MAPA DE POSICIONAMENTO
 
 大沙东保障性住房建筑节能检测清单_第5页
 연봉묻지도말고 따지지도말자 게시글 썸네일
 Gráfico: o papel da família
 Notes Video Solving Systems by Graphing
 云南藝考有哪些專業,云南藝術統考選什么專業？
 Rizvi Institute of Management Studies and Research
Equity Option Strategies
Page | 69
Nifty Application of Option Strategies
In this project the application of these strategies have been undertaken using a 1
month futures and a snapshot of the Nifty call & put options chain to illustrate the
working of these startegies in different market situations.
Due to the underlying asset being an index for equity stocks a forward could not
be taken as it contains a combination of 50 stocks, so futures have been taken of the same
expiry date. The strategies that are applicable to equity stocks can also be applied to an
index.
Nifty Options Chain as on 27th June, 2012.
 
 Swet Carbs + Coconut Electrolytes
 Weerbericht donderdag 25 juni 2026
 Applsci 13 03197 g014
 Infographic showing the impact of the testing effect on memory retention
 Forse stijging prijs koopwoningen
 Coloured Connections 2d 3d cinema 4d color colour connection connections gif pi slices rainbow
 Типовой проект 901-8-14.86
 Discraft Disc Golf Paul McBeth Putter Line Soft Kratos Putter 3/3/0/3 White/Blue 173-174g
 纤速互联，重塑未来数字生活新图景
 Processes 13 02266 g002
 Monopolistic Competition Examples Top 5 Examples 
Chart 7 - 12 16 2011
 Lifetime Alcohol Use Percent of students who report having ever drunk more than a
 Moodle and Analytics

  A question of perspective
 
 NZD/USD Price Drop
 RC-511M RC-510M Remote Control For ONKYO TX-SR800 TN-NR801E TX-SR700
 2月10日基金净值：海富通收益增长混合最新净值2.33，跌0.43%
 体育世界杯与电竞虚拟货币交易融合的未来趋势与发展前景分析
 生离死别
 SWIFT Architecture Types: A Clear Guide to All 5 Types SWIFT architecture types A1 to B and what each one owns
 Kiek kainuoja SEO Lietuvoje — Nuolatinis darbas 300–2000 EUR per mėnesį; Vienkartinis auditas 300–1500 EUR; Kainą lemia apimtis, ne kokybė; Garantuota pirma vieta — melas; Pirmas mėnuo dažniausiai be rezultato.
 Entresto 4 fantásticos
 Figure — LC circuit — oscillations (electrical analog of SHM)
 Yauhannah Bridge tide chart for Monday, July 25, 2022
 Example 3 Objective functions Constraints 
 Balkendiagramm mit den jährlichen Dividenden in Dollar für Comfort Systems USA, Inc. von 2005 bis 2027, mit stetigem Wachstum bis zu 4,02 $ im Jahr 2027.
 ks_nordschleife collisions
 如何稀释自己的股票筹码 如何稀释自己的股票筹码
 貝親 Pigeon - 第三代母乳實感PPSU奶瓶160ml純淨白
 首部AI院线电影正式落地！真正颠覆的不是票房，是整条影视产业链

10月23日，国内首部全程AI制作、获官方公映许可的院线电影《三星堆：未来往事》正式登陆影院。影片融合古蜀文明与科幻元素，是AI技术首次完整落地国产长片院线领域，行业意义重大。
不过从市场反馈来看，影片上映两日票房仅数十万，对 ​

# Task statement:
Could you write out all of the entries precisely as they stand?

# Problem solution:
MAPA DE POSICIONAMENTO
 
 大沙东保障性住房建筑节能检测清单_第5页
 연봉묻지도말고 따지지도말자 게시글 썸네일
 Gráfico: o papel da família
 Notes Video Solving Systems by Graphing
 云南藝考有哪些專業,云南藝術統考選什么專業？
 Rizvi Institute of Management Studies and Research
Equity Option Strategies
Page | 69
Nifty Application of Option Strategies
In this project the application of these strategies have been undertaken using a 1
month futures and a snapshot of the Nifty call & put options chain to illustrate the
working of these startegies in different market situations.
Due to the underlying asset being an index for equity stocks a forward could not
be taken as it contains a combination of 50 stocks, so futures have been taken of the same
expiry date. The strategies that are applicable to equity stocks can also be applied to an
index.
Nifty Options Chain as on 27th June, 2012.
 
 Swet Carbs + Coconut Electrolytes
 Weerbericht donderdag 25 juni 2026
 Applsci 13 03197 g014
 Infographic showing the impact of the testing effect on memory retention
 Forse stijging prijs koopwoningen
 Coloured Connections 2d 3d cinema 4d color colour connection connections gif pi slices rainbow
 Типовой проект 901-8-14.86
 Discraft Disc Golf Paul McBeth Putter Line Soft Kratos Putter 3/3/0/3 White/Blue 173-174g
 纤速互联，重塑未来数字生活新图景
 Processes 13 02266 g002
 Monopolistic Competition Examples Top 5 Examples 
Chart 7 - 12 16 2011
 Lifetime Alcohol Use Percent of students who report having ever drunk more than a
 Moodle and Analytics

  A question of perspective
 
 NZD/USD Price Drop
 RC-511M RC-510M Remote Control For ONKYO TX-SR800 TN-NR801E TX-SR700
 2月10日基金净值：海富通收益增长混合最新净值2.33，跌0.43%
 体育世界杯与电竞虚拟货币交易融合的未来趋势与发展前景分析
 生离死别
 SWIFT Architecture Types: A Clear Guide to All 5 Types SWIFT architecture types A1 to B and what each one owns
 Kiek kainuoja SEO Lietuvoje — Nuolatinis darbas 300–2000 EUR per mėnesį; Vienkartinis auditas 300–1500 EUR; Kainą lemia apimtis, ne kokybė; Garantuota pirma vieta — melas; Pirmas mėnuo dažniausiai be rezultato.
 Entresto 4 fantásticos
 Figure — LC circuit — oscillations (electrical analog of SHM)
 Yauhannah Bridge tide chart for Monday, July 25, 2022
 Example 3 Objective functions Constraints 
 Balkendiagramm mit den jährlichen Dividenden in Dollar für Comfort Systems USA, Inc. von 2005 bis 2027, mit stetigem Wachstum bis zu 4,02 $ im Jahr 2027.
 ks_nordschleife collisions
 如何稀释自己的股票筹码 如何稀释自己的股票筹码
 貝親 Pigeon - 第三代母乳實感PPSU奶瓶160ml純淨白
 首部AI院线电影正式落地！真正颠覆的不是票房，是整条影视产业链

10月23日，国内首部全程AI制作、获官方公映许可的院线电影《三星堆：未来往事》正式登陆影院。影片融合古蜀文明与科幻元素，是AI技术首次完整落地国产长片院线领域，行业意义重大。
不过从市场反馈来看，影片上映两日票房仅数十万，对 ​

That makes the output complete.